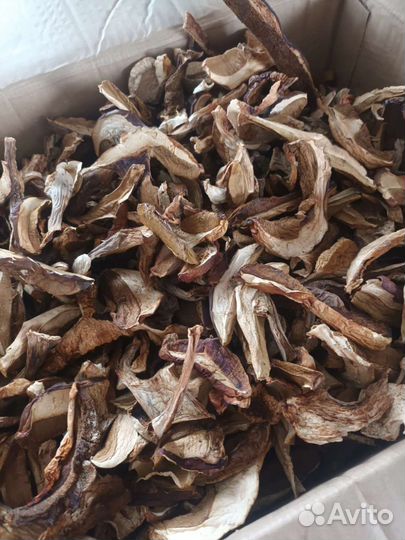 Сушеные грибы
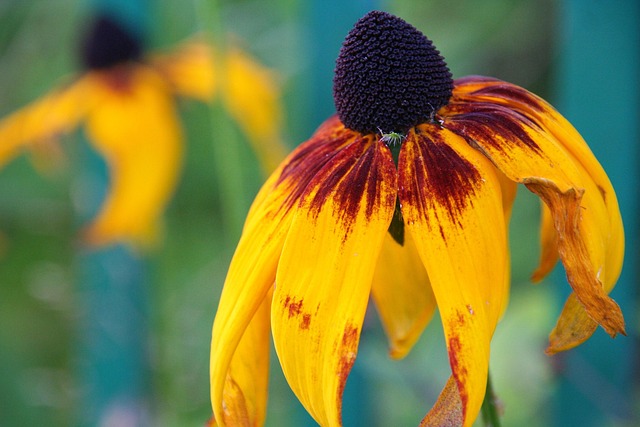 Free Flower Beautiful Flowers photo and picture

--

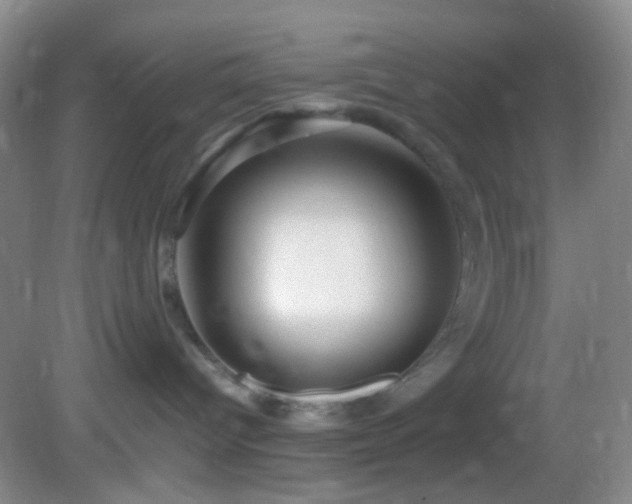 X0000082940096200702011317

(The problem): Find where the line with "Сушеные грибы" sits in the material above and where the line with "Free Flower Beautiful" sits. Set down exactly the lines from the first to the second, both included and nothing else, without pictures.

(Solution below):
 Сушеные грибы
 Free Flower Beautiful Flowers photo and picture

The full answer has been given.